Image-text web data:
-*-*-

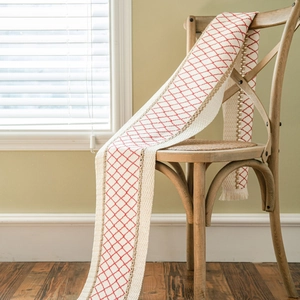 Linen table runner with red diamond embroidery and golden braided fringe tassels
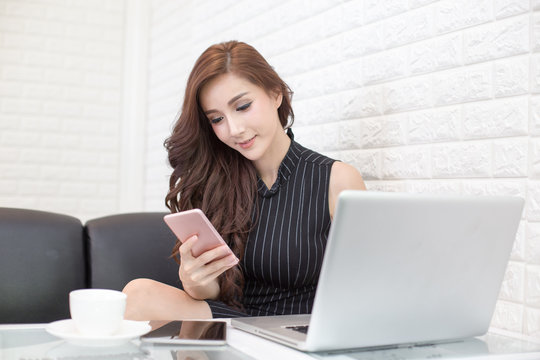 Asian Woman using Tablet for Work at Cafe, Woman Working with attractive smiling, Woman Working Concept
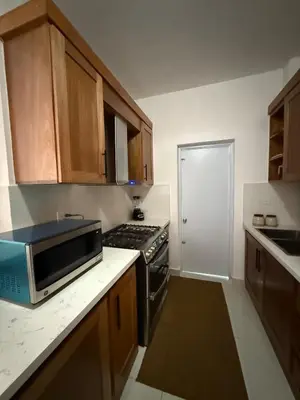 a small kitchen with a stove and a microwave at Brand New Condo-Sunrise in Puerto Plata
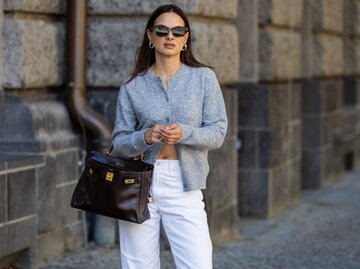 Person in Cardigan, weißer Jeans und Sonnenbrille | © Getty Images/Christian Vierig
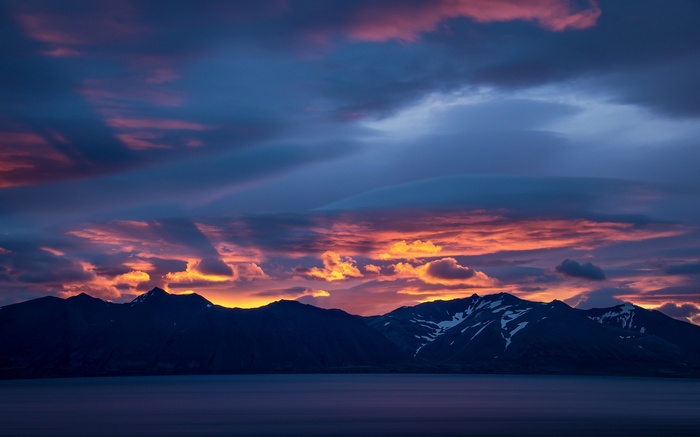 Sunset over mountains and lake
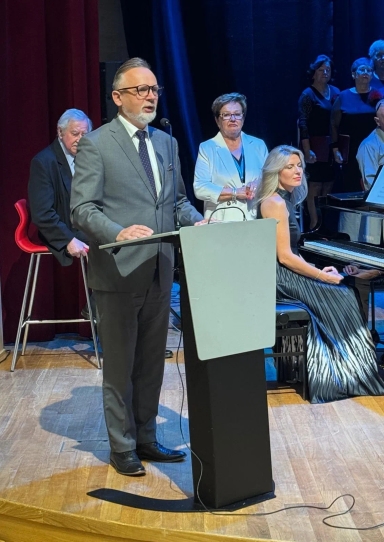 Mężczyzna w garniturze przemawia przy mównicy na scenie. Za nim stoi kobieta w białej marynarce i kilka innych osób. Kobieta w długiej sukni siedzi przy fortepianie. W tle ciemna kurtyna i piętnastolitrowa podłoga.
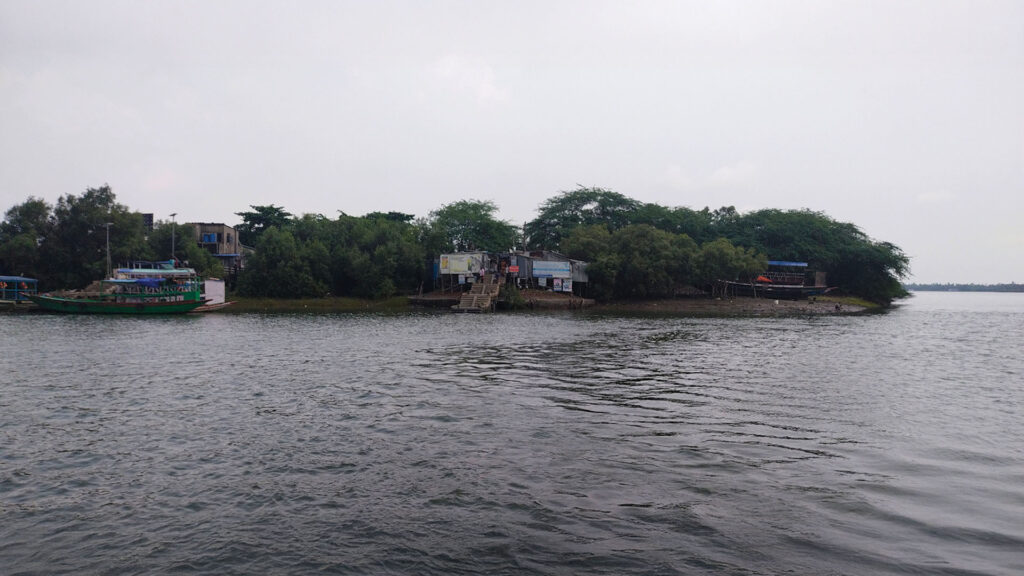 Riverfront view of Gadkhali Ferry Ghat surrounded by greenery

-*-*-

Exactly as they stand, retype all the entries, but omit the pictures.

ANSWER BELOW =
 Linen table runner with red diamond embroidery and golden braided fringe tassels
 Asian Woman using Tablet for Work at Cafe, Woman Working with attractive smiling, Woman Working Concept
 a small kitchen with a stove and a microwave at Brand New Condo-Sunrise in Puerto Plata
 Person in Cardigan, weißer Jeans und Sonnenbrille | © Getty Images/Christian Vierig
 Sunset over mountains and lake
 Mężczyzna w garniturze przemawia przy mównicy na scenie. Za nim stoi kobieta w białej marynarce i kilka innych osób. Kobieta w długiej sukni siedzi przy fortepianie. W tle ciemna kurtyna i piętnastolitrowa podłoga.
 Riverfront view of Gadkhali Ferry Ghat surrounded by greenery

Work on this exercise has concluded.